Assignment:
Check every line below for the string "hoodie", and copy the lines that contain it.

-- Opening Marker --

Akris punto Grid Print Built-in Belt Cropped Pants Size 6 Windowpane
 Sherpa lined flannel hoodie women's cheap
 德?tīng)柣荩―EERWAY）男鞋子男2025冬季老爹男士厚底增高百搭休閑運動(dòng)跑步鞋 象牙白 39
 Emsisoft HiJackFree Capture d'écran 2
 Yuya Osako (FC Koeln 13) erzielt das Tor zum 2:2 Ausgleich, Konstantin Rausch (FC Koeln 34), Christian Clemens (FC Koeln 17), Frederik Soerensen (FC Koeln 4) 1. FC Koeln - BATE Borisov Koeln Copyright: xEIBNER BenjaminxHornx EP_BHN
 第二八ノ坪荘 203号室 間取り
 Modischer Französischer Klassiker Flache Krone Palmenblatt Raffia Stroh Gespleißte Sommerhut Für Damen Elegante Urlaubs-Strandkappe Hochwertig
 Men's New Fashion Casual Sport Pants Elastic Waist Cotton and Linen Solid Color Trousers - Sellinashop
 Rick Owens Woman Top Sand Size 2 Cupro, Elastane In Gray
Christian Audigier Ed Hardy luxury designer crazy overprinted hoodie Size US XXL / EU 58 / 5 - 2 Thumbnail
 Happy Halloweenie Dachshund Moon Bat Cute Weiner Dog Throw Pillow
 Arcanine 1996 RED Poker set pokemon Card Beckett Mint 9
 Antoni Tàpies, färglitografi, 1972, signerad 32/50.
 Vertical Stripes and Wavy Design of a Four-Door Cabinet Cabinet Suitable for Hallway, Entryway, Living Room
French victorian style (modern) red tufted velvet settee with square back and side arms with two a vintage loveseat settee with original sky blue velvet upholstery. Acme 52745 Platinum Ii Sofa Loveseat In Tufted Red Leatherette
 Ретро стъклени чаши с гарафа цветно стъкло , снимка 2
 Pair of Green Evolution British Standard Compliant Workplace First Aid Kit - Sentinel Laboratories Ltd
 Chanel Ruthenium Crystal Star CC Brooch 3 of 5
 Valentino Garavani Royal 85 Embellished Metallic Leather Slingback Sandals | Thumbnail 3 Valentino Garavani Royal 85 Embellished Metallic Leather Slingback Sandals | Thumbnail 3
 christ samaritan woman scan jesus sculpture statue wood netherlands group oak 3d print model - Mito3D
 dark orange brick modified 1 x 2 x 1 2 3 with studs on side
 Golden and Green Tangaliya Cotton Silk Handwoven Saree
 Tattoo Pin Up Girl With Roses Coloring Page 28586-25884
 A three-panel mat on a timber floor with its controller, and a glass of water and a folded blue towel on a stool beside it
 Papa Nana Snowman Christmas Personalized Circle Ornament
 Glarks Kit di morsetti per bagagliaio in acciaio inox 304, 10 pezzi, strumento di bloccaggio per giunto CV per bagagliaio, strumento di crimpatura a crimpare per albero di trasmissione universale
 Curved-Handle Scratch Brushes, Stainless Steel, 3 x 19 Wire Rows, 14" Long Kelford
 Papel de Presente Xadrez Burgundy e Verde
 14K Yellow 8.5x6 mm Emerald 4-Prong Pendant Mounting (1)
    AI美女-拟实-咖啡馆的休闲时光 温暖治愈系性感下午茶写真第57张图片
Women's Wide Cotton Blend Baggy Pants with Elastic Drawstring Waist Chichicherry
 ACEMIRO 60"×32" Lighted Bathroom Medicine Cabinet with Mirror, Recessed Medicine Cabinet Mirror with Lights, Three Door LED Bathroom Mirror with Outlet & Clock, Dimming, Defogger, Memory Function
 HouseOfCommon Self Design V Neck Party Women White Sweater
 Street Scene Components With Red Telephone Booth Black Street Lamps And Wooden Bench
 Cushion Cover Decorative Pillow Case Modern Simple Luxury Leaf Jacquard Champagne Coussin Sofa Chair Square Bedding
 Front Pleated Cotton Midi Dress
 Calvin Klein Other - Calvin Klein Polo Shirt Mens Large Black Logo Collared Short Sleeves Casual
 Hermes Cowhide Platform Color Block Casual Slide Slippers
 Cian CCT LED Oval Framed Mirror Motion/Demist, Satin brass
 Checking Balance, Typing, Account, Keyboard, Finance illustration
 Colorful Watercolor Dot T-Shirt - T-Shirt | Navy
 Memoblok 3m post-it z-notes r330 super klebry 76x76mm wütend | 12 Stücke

-- Closing Marker --

Exercise response:
 Sherpa lined flannel hoodie women's cheap
Christian Audigier Ed Hardy luxury designer crazy overprinted hoodie Size US XXL / EU 58 / 5 - 2 Thumbnail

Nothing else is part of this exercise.